Tropical Savannas CRC > Achievements > Raising awareness

Raising awareness of savanna issues

Science teacher Jenni Webber with Year 7 students at Taminmin High School

Students using Environorth

One of the most effective ways to raise awareness of savanna land management issues is to help tropical savanna schools improve their teaching materials that relate to the environment and land management. An increasing number of people are growing up in tropical savanna environments whether it is in growing cities like Darwin or Townsville or smaller settlements, yet there is often very little local content in school curricula when it comes to the environment.

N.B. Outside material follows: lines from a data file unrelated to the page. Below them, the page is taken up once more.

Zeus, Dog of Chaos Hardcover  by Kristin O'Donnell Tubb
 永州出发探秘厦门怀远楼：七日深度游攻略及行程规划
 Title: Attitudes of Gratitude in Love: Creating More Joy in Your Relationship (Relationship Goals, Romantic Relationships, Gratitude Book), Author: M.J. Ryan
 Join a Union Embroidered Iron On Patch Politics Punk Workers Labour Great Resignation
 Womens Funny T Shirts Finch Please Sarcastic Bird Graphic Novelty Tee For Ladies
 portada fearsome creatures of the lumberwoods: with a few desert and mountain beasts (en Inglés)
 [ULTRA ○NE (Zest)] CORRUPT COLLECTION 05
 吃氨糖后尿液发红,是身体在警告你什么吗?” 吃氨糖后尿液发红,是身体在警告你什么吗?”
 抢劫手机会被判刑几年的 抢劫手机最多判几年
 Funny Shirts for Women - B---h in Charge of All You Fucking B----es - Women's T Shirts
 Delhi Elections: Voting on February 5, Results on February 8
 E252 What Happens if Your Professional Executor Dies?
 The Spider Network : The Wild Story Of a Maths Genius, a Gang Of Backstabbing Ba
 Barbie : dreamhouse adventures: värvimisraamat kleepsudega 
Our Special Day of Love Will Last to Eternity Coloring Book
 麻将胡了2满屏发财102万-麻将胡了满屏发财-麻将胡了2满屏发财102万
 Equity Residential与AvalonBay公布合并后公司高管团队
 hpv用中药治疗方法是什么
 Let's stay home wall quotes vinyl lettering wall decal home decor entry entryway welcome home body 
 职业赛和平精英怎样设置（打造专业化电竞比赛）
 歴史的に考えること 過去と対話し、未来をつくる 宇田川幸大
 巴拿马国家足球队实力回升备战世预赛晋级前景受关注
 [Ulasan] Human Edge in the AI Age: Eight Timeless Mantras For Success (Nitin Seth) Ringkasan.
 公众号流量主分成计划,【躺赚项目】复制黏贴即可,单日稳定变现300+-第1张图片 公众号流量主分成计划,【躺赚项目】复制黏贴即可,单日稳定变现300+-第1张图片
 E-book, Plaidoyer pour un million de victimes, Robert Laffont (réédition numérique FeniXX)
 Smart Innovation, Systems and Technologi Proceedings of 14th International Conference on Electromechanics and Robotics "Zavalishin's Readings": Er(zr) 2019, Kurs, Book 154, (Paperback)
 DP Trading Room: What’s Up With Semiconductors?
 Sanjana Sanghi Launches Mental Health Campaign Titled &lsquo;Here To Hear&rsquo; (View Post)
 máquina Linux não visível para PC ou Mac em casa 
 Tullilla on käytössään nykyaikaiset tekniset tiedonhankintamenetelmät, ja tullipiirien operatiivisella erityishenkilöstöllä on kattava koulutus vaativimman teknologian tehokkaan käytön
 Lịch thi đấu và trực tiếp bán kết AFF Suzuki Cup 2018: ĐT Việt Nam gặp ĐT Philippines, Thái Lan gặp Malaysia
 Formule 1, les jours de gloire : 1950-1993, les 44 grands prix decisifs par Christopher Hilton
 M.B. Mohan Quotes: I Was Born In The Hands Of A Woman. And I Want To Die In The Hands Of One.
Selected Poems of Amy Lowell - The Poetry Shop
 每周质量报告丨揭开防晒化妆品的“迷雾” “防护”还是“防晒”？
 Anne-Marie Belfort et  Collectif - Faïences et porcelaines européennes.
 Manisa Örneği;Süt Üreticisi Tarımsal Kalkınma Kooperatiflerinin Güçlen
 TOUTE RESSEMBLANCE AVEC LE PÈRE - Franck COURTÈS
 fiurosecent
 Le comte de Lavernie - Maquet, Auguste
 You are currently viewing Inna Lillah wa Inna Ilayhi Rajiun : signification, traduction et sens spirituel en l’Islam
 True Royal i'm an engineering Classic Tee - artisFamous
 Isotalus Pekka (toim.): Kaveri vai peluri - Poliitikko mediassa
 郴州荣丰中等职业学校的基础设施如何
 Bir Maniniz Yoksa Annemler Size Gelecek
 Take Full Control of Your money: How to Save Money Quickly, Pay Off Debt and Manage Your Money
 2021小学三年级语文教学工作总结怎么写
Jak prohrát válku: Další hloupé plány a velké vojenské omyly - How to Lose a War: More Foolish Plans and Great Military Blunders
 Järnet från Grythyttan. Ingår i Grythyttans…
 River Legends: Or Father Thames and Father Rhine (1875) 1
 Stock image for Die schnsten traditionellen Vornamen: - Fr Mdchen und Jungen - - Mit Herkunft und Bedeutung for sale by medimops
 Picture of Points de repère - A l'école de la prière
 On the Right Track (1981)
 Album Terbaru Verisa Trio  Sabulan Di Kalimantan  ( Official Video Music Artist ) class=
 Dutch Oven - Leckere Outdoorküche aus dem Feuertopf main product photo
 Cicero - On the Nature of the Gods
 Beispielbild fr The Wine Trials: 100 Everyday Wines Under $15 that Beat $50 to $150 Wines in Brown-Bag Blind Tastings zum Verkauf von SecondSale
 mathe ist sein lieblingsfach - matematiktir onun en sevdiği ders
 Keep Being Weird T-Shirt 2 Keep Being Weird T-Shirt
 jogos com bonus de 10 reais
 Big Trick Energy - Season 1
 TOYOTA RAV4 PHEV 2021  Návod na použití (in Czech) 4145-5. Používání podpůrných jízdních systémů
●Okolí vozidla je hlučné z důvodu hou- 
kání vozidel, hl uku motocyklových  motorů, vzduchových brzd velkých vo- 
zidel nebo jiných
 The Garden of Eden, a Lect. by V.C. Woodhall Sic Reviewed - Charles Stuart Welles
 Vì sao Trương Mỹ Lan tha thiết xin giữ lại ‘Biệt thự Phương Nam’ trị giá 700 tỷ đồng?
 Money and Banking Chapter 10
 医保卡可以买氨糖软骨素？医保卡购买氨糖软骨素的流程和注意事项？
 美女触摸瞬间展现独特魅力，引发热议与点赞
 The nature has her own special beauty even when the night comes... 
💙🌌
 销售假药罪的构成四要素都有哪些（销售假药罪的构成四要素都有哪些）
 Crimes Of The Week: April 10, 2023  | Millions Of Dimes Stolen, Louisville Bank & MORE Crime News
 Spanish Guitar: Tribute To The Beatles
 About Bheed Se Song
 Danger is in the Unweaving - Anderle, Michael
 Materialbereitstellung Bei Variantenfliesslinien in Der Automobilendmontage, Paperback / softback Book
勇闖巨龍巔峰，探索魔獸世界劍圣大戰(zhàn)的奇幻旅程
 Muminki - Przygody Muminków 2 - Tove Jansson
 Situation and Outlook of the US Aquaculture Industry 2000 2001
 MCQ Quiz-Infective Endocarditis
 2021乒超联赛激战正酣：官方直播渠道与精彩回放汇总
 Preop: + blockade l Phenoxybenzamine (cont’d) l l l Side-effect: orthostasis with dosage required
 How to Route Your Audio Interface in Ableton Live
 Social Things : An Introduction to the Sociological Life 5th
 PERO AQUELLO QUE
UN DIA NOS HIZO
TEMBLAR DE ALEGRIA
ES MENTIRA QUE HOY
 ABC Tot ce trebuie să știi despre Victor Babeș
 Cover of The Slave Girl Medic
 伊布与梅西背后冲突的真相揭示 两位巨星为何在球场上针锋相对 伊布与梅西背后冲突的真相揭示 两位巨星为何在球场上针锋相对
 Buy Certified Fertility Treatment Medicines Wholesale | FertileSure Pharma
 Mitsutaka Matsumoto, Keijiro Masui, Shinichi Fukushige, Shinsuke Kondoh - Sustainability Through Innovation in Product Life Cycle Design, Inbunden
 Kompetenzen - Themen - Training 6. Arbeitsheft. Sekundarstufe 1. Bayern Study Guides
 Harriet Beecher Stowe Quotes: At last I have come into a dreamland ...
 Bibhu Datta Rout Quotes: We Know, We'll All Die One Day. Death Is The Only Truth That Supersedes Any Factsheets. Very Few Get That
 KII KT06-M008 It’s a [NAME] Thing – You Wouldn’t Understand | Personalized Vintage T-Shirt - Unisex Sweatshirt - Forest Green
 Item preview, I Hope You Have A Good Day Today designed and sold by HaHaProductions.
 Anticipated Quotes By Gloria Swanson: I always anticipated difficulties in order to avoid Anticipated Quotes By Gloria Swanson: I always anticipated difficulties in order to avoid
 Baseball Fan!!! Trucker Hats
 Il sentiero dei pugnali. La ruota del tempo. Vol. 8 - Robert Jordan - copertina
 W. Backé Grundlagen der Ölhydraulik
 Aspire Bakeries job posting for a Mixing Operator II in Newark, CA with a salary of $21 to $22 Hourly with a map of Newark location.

To meet this need, the Tropical Savannas CRC’s Tropical Savannas Knowledge for Schools project worked with Education Departments, teachers and students as well as land managers and researchers to produce engaging and accurate materials on the Tropical Savannas that worked with school curricula. The result was three interactive web-based modules



Savanna Walkabout

Quoll Files

"The Quoll Files" from Savanna Walkabout

This module engages students so they gain key understandings related to biodiversity in the tropical savannas. The module includes a guided tour by “Terry the Termite”, video interviews with active researchers, and an interactive section where you can plan your own biodiversity survey. The key understandings include the idea that biodiversity covers more than endangered species; that tropical savannas are found across the globe and that while Australian tropical savannas may lack lions, elephants and gazelles they have their own fascinating plants and animals adapted to a distinctive environment. A key insight is that people are an important part of our savannas and that our management of those landscapes play an important role in trying to maintain biodiversity – and that hanging onto the diversity of life has many likely benefits.



Burning Issues

Outback Cinema

The module features knowledge from traditional custodians

The Burning Issues module provides insights into how people manage fire in the northern savannas with a focus on the spectacular Kakadu National Park. Key understandings include appreciating that climate, fire and vegetation are all inter-related and a change in one will trigger changes in the others; another important insight is that people and fire have been linked for millennia and the way Indigenous people managed fire has shaped the savannas and the way we manage fire today is continuing to shape the savannas. The module includes videos of a traditional Indigenous fire management walk narrated by a custodian of the Arnhem Land Plateau country; a computer simulation of the impact of different fire patterns in Kakadu’s eucalypt savannas; and opportunities to test-drive the latest technology used to track fires by satellite.



Two other modules are being developed: one on the cattle country of the savannas and one on Indigenous land and sea management.